• **Provided data**:
┄┄┄┄┄┄┄┄┄┄┄┄┄┄┄┄┄┄┄┄
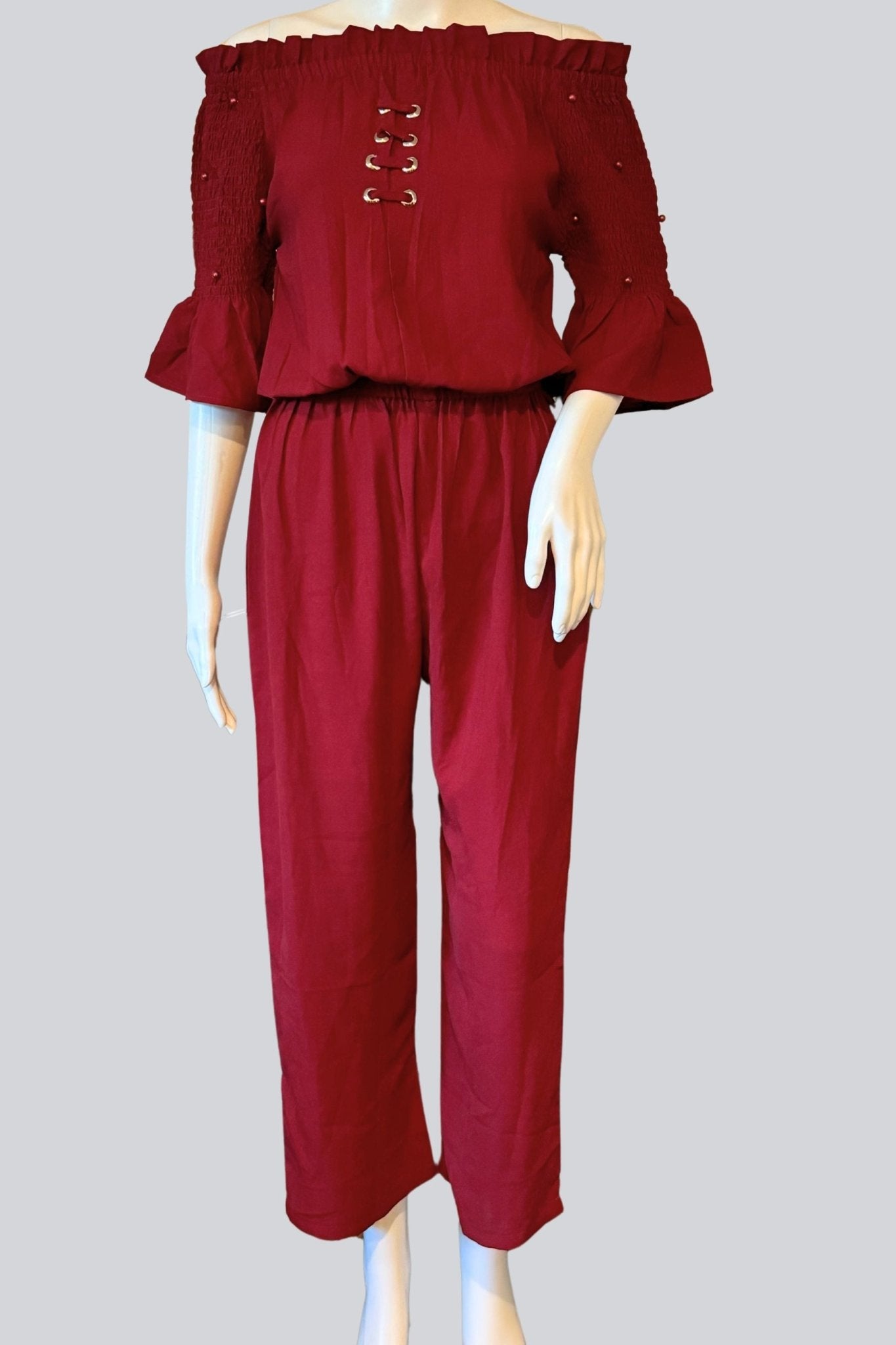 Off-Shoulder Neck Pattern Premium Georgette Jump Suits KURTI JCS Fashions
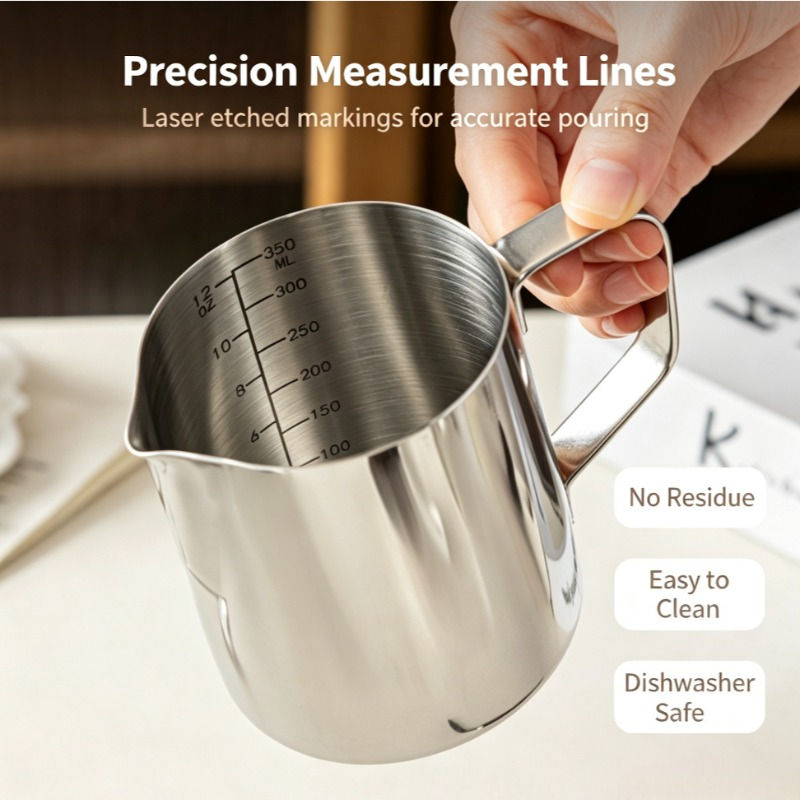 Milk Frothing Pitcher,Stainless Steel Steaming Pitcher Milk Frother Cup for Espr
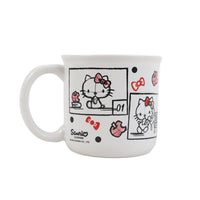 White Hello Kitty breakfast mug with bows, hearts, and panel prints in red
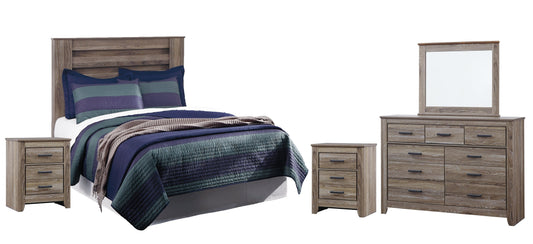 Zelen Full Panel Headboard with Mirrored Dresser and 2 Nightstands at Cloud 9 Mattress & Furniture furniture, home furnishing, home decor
┄┄┄┄┄┄┄┄┄┄┄┄┄┄┄┄┄┄┄┄
• **Your task**: An exact repeat of the listing above, pictures excluded, is the answer.

• **Reply to the task**:
 Off-Shoulder Neck Pattern Premium Georgette Jump Suits KURTI JCS Fashions
 Milk Frothing Pitcher,Stainless Steel Steaming Pitcher Milk Frother Cup for Espr
 White Hello Kitty breakfast mug with bows, hearts, and panel prints in red
 Zelen Full Panel Headboard with Mirrored Dresser and 2 Nightstands at Cloud 9 Mattress & Furniture furniture, home furnishing, home decor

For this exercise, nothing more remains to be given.